An experienced geologist’s lawsuit has prompted federal officials to grant him a long-awaited research permit after they originally denied his application because of his Christian beliefs about the origins of the Earth. In light of the turnaround, an Alliance Defending Freedom allied attorney together with ADF attorneys who represent the geologist, Dr. Andrew Snelling, voluntarily dismissed Snelling v. United States Department of Interior in federal court Wednesday.
Snelling, who holds a Ph.D. in Geology from the University of Sydney, has conducted geological research in Australia and the United States, published works in peer-reviewed journals, and has decades of field and laboratory experience with both theoretical and practical geological research. Nonetheless, National Park Service officials had denied his routine request to obtain a few fist-sized rock samples from the Grand Canyon based upon his Christian views about the Earth’s beginnings. Even though Snelling had conducted prior research in the canyon, Park Service officials ran him through a gamut of red tape for more than three years.
“When the government refuses to allow a Christian geologist simply to collect information because it dislikes his views, it undercuts science and violates the law,” said ADF Senior Counsel Gary McCaleb, co-counsel for Snelling. “We commend Park Service officials, Interior Secretary Zinke, and the Trump administration for understanding that specifically targeting Dr. Snelling’s faith as the reason to stop his research was both inappropriate and unconstitutional. As the Park Service finally admitted, ‘Dr. Snelling’s proposal is well stated with methods that are similar or equal to standard scientific practice to test the hypothesis provided,’ so it is the right choice to let the research go forward.”

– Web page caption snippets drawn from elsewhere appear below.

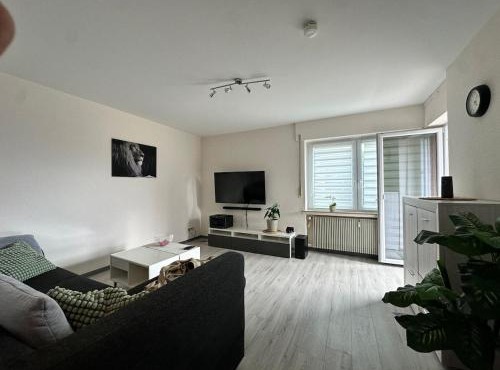 Schöne 2 Zimmer Wohnung, modern & stadtnah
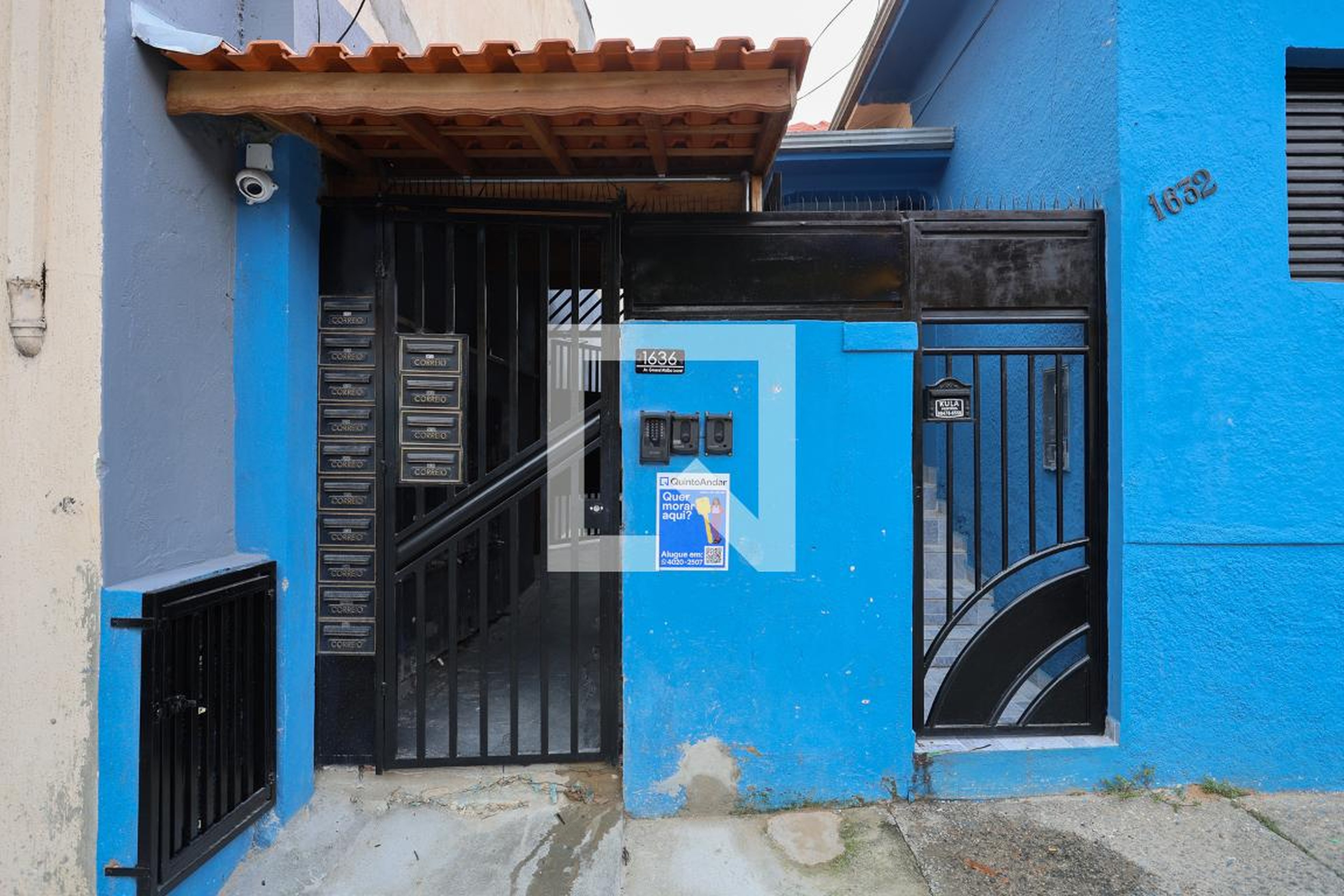 Fachada do condomínio Condomínio em Avenida General Ataliba Leonel, 1636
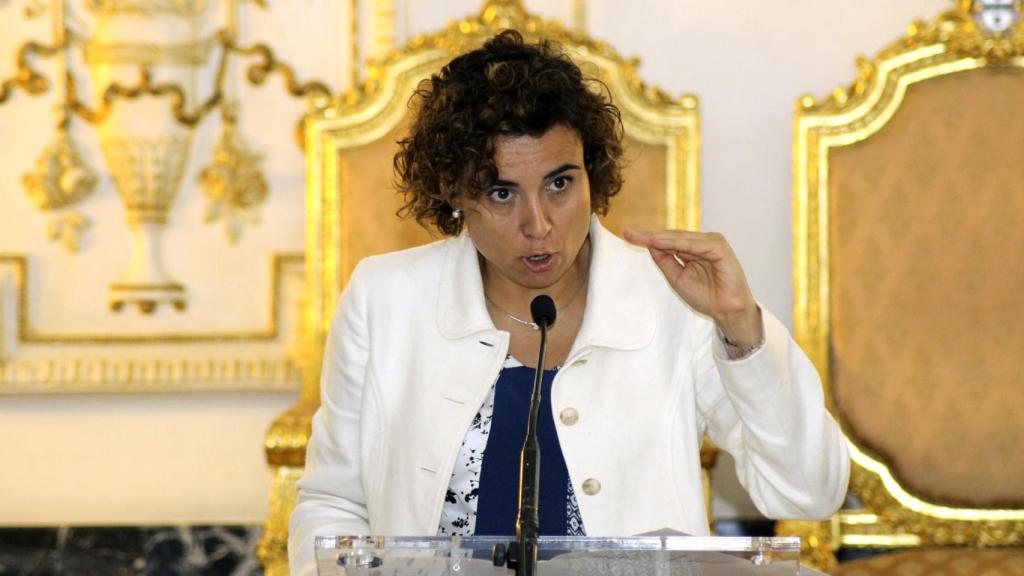 La ministra de Sanidad, Dolors Montserrat, durante una visita reciente a Ceuta.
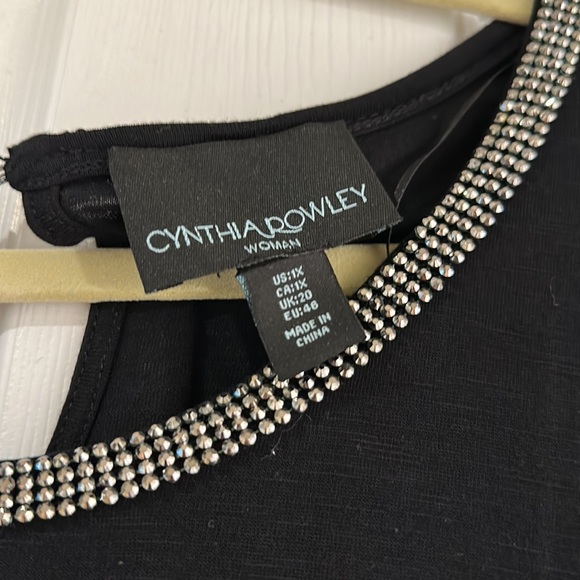 Cynthia Rowley Women size 1X  Black Jeweled Top/ tunic - Picture 6 of 10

“This settlement benefits everyone, in that it sends the message that the government will not interfere with basic scientific inquiry,” said Michael Kitchen, lead counsel for Snelling and one of nearly 3,200 attorneys allied with ADF. “Scientists must be allowed to pursue their research, put theories to the test, and reach independent conclusions without the federal government blocking access to data based on a researcher’s religious faith.”
Geological researchers routinely gain access to the Grand Canyon by specifying what samples they seek and providing very general locations where they will work, such as a range of miles along the Colorado River. As trained professionals, they respect National Park regulations and are careful to avoid disturbing cultural resources, sensitive environmental areas, and recreational activities.
When Snelling applied, park officials first rejected his request by saying he could find suitable sites outside the Grand Canyon. When he persisted, additional challenges came, and Snelling methodically answered or rebutted each bureaucratic complaint. Park officials then changed their story, dropped their claim that other suitable sites were available, and issued a permit that required Snelling to traverse the canyon in a separate trip and locate every proposed sampling site with GPS coordinates and photographs, without any assurance of ever being authorized to actually collect the samples needed. No other scientist had ever been subjected to such a demand.
When public records requests revealed that National Park officials were explicitly discriminating against Snelling’s faith, his attorneys and Congressman Trent Franks, R-Ariz., made additional requests for the research permit to be issued. After the Park Service failed to respond in a timely manner to those requests, Snelling filed suit in the U.S. District Court for the District of Arizona.